R-D1/Zeiss Biogon 35mmF2.8

真壁の街中を離れて15分くらい歩くと、古い家や蔵が道の左右に並ぶ、昭和30年代の田舎町の一角そのままの通りがありました。
わたしが見たことがある中では、もっとも日本的で懐かしくも美しい民家のある風景です。
真壁は筑波山から近く、足を伸ばす価値もあるところと思います。
全体の写真はここでは出しませんので、ぜひご自身の目でご覧になってください。

ビオゴンを設計したベルテレも、テッサー、プラズマートのルドルフに匹敵するレンズ設計者です。
有名なエルノスターは1922年に発表されていますので、奇しくもプラズマートと同年です。
1922年、ルドルフが引退から復帰後だったのに対して、48歳年下のベルテレは弱冠23歳というごく初期の頃の設計です。
そしてベルテレは、エルノスターを発展させてゾナーF2、F1.5と立て続けに発表していきます。
1931年、32年のことです。
さらにそのゾナーを基にして、1935年このビオゴン35mmが設計されます(発売は1937年から)。
ルドルフが1933年に引退、35年に逝去していますので、戦前の一時期に光学界でも激動があったさまが分かります。

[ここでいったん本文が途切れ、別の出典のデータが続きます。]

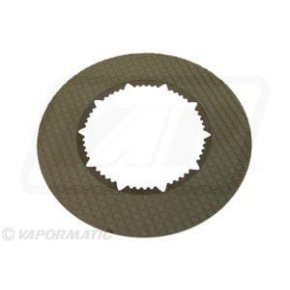 Vapormatic Disc fricțiune VPH7202
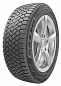 Maxxis Premitra ice SUV SP5 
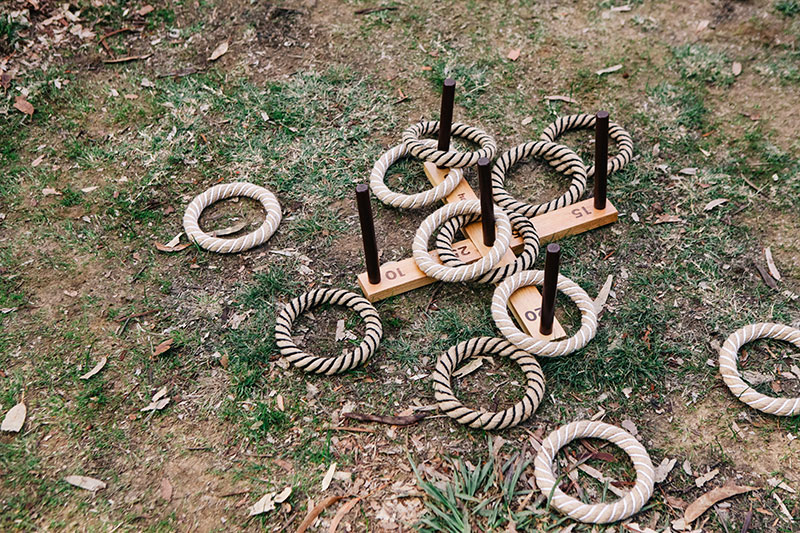 Pyrenees Unearthed Kids Activites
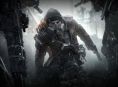 Oscar winner to write and direct The Division film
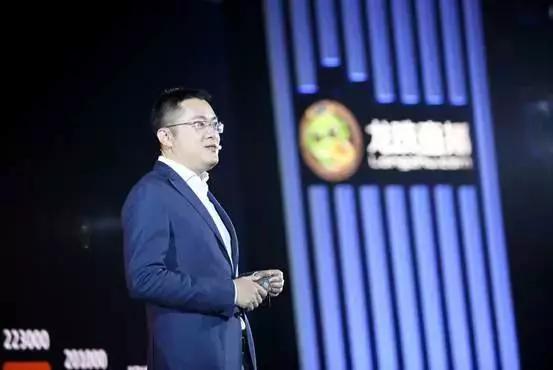 cefl 中超 CAEL中国体育电子竞技联盟正式成立(6)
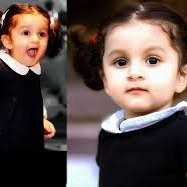 Cr Bhavya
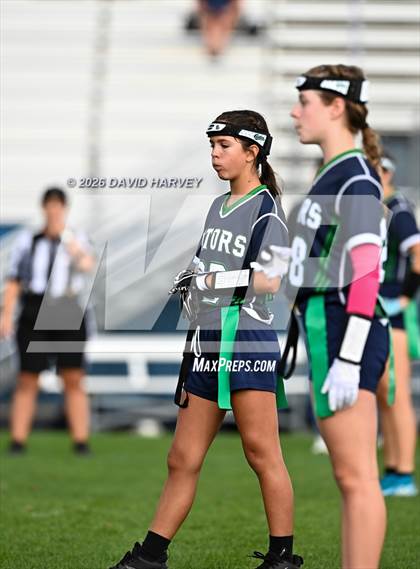 Thumbnail 3 in Conifer vs Standley Lake photogallery.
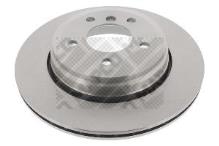 MAPCO 25782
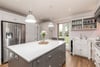 Cluny House, Penicuik, Howgate, Midlothian, EH26 8PY - Picture #10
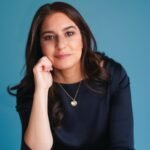 Tech reporter Joanna Stern asked AI to do ‘almost everything’ for a year—the No. 1 tool she’ll keep using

直後の戦争が、レンズ発展の歴史に影響を及ぼすことはなかったと言えるのでしょうか。
ベルテレは戦時中にツァイスを辞していますし、その後スティル・カメラ用のレンズを設計していたのかよく分かりません。
2つの世界大戦は、ルドルフとベルテレという偉大なレンズ設計者の人生と光学発展史を翻弄していたように思えてなりません。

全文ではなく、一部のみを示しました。